Friday, June 23, 2017

El-Amarna - The City of Akhenaten .. The North Suburb – The South Suburb– The Workmen's Village – The Royal Tomb .. Part ( 4 )

The Northern Group of tombs lies on either side of a bold gap in the line of hills through which a mountain-track across the ridge from El-Sheikh Said enters the plain of El-Amarna . It includes some of the best and most important tombs, such as those of Huya, Meryra ( I and II ), Ahmose, Penehsy, and Penthu .
The Southern Group lies also at the mouth of a similar valley, through which the track enters the hills again . The northern group is hewn in the face of the cliff, which here reaches a height of about 280 feet above the plain of El-Amarna . For the upper half of this height the rock offers a steep face ; for the lower it is more of the nature of a steep slope ; the tombs are situated at the meeting-point of the two divisions, say roughly about 150 feet above the plain . In the case of the southern group, it is curious that it was not the bold cliffs that were chosen as the site of the tombs, but a low bank which is the beginning of the rise from the plain to the hills behind . In neither case is the rock good, or really suitable for delicate work . The northern rock is much interrupted by great boulders of harder stone, and the southern is of still worse quality . This accounts for much of the destruction of the work of the Amarna artists ; but vandalism and robbery has accounted for a great deal more .

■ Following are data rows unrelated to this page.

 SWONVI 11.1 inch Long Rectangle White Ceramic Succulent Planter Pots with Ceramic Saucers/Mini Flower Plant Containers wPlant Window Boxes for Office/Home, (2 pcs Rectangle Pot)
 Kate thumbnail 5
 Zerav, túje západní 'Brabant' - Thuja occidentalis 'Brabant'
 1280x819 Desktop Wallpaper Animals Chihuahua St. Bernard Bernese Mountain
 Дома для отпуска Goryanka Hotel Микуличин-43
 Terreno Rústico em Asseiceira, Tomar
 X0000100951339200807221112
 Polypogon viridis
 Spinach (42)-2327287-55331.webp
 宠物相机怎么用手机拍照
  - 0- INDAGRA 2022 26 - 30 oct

We visit first the Northern Group . Generally speaking, the type of tomb is the same as that found at Thebes, though there are, of course, individual variations . There is a forecourt, a hall, usually columned in the case of the more important tombs, and a second chamber, sometimes with a recess or shrine for the statue, with a shaft or stairway leading to the actual burial-chamber . " The method of decoration employed in the tombs ", says Norman De Garis Davies " is peculiar . The rock in which they are hewn is far from having the uniform good quality which would invite bas-reliefs of the usual kind . Nor was Akhenaten willing, it appears, to employ the flat painting on plastered walls, which was much in vogue and which the artists of Akhetaten also employed at times with good effect . The idea of modeling in plaster was conceived or adopted ; and, since figures in plaster-relief would have been liable to easy injury, the outline was sunk so far below the general surface as to bring the parts in highest relief just to its level ( relief en creux ) . Nor was this the only measure taken to ensure durability . The whole design was first cut roughly in sunk-relief in the stone itself . Then a fine plaster was spread over it, covering all the inequalities and yet having the support at all points of a solid stone core . While the plaster was still soft, it was moulded with a blunt tool into the form and features which the artist desired . Finally, the whole was painted, all the outlines being additionally marked out in red, frequently with such deviations as to leave the copyist in dilemma between the painted and the moulded lines " .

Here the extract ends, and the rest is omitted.